And while annual inflation is around 3% or so, food prices have gone up as much as 100%. You claimed this was due to inflation and haven't backed it up.

akforme
12-27-2010, 01:11 PM
I think it's a relationship issue, things we need will become more expensive while things we want will cost less. The prices of both might go up but at different speeds. I've lowered my prices because my biz isn't a needed commodity.
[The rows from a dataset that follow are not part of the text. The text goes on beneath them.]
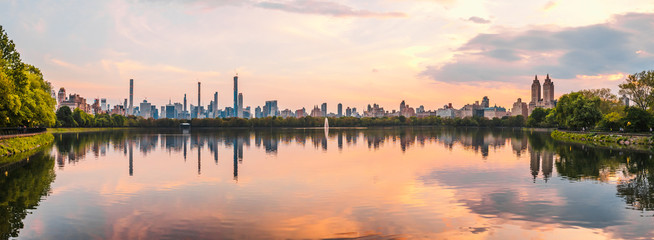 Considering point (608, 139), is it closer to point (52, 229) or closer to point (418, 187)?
point (418, 187)

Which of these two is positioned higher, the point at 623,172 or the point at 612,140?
the point at 612,140

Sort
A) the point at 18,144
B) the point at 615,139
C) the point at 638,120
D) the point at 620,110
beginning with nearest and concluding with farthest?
the point at 18,144, the point at 615,139, the point at 638,120, the point at 620,110

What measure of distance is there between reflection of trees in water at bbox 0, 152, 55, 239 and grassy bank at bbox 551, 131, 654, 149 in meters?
77.7

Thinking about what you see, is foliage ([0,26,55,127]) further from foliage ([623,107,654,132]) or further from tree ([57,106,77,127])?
foliage ([623,107,654,132])

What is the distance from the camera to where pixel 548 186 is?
2981cm

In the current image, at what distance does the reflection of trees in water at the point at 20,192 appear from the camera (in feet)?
62.6

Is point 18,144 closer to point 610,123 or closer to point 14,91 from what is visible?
point 14,91

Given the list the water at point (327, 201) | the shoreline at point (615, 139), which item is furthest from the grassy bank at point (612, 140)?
the water at point (327, 201)

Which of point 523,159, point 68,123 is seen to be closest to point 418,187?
point 523,159

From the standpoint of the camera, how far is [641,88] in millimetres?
105875

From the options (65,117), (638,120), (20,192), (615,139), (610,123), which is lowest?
(20,192)

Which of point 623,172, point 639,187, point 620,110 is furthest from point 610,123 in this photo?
point 639,187

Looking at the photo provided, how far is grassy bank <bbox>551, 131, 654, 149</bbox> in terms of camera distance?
68438 mm

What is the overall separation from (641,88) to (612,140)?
41879mm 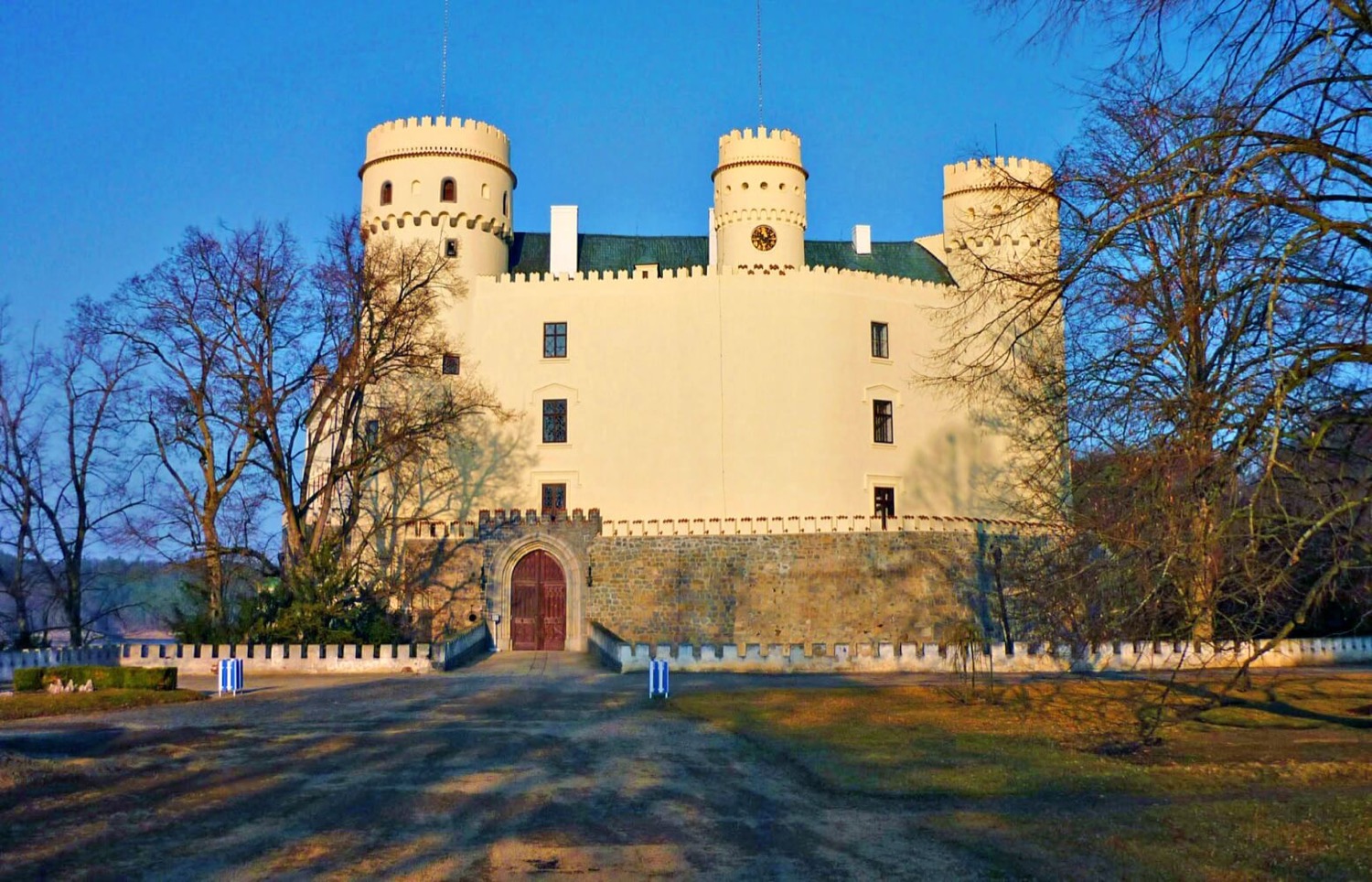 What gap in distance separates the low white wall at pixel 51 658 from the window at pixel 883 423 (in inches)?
915

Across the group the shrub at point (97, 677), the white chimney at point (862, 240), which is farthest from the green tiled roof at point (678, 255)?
the shrub at point (97, 677)

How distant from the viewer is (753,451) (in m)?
36.4

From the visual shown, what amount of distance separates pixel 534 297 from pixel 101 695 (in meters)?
21.2

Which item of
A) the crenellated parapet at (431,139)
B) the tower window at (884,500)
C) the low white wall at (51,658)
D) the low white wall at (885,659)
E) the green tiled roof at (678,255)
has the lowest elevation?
the low white wall at (885,659)

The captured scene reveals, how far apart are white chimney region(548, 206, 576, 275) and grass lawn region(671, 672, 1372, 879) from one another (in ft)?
74.0

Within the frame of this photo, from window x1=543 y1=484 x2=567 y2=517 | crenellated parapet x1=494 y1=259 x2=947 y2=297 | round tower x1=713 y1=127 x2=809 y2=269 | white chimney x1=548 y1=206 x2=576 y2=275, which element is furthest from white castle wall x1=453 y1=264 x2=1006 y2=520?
white chimney x1=548 y1=206 x2=576 y2=275

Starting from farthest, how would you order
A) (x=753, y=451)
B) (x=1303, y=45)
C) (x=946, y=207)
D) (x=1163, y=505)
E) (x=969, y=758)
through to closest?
(x=946, y=207) → (x=753, y=451) → (x=969, y=758) → (x=1163, y=505) → (x=1303, y=45)

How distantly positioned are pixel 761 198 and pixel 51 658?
24.9 metres

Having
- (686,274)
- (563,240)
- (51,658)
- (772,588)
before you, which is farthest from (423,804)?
(563,240)

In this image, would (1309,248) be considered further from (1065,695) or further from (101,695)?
(101,695)

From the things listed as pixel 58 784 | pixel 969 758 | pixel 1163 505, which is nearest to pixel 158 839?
pixel 58 784

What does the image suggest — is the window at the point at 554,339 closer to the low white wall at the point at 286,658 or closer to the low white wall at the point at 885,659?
the low white wall at the point at 885,659

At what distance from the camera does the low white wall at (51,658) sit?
25.0 m

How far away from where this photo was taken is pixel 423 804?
1103 cm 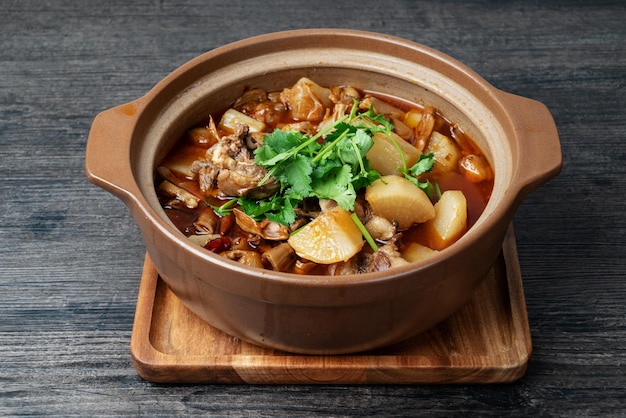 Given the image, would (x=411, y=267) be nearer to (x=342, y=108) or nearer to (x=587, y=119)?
(x=342, y=108)

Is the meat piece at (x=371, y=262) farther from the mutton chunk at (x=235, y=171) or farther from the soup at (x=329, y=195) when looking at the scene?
the mutton chunk at (x=235, y=171)

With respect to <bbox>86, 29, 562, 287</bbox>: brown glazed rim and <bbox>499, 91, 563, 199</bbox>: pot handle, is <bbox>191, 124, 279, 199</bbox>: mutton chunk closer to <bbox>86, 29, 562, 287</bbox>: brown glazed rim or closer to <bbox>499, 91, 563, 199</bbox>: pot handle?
<bbox>86, 29, 562, 287</bbox>: brown glazed rim

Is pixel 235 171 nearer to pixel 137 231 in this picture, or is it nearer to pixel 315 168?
pixel 315 168

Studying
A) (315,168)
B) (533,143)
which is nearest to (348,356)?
(315,168)

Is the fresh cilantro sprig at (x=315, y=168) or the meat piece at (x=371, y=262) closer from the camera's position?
the meat piece at (x=371, y=262)

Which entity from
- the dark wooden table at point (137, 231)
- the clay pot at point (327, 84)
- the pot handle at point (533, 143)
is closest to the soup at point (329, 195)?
the clay pot at point (327, 84)

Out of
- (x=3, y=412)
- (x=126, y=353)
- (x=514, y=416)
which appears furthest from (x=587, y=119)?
(x=3, y=412)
My suppliers have lowered their prices as well so as long as I can make money I'm not raising.

teacherone
12-27-2010, 01:19 PM
And while annual inflation is around 3% or so, food prices have gone up as much as 100%. You claimed this was due to inflation and haven't backed it up.

really? i swear to god i said multiple times on the first page that inflation attacks different sectors of the economy differently.

let's see, home prices collapsed, people are unemployed...hmmm what purchases will they need to make with their money...

why! food and oil. conveniently left out of the government CPI numbers you cite.

how else would these prices rise given the world's second worst recession?

Kregisen
12-27-2010, 02:01 PM
really? i swear to god i said multiple times on the first page that inflation attacks different sectors of the economy differently.

let's see, home prices collapsed, people are unemployed...hmmm what purchases will they need to make with their money...

why! food and oil. conveniently left out of the government CPI numbers you cite.

how else would these prices rise given the world's second worst recession?

You're saying the housing bubble wasn't caused by giving out way too many loans to people who couldn't afford them? You're saying it was just inflation?

And now food prices are just inflation too? There aren't growing economies around the world? Everyone else is wrong?

Really?

teacherone
12-27-2010, 02:03 PM
my god...this thread is going around in circles.

i'm out kriegsman.

best of luck!

teacherone
12-27-2010, 02:08 PM
arghhhhhhhhhhhhh okokok

for fuck's sake---where did the banks get the money to loan out?

and why were the loaning out to anyone and their brother?

from the fed---for cheap.

that's inflation buddy.

low rates increase money supply.

more money chasing same goods = higher prices.

higher prices = price inflation.

enough already.


You're saying the housing bubble wasn't caused by giving out way too many loans to people who couldn't afford them? You're saying it was just inflation?

And now food prices are just inflation too? There aren't growing economies around the world? Everyone else is wrong?

Really?

Romulus
12-27-2010, 04:02 PM
With the oil bubble.. everyone was blaming 'demand'. Demand just does not appear overnight and drive up prices to record levels. That is manipulation, of either the market or the money supply. Demand is often the scapegoat and used to rationalize and hide what inflation is doing.

It's not demand that's driving food prices up. Demand does not surge like that.

teacherone
12-31-2010, 03:31 AM
try telling that to junior here.

more concisely--inflation creates false demand in products by hiding pricing signals.


With the oil bubble.. everyone was blaming 'demand'. Demand just does not appear overnight and drive up prices to record levels. That is manipulation, of either the market or the money supply. Demand is often the scapegoat and used to rationalize and hide what inflation is doing.

It's not demand that's driving food prices up. Demand does not surge like that.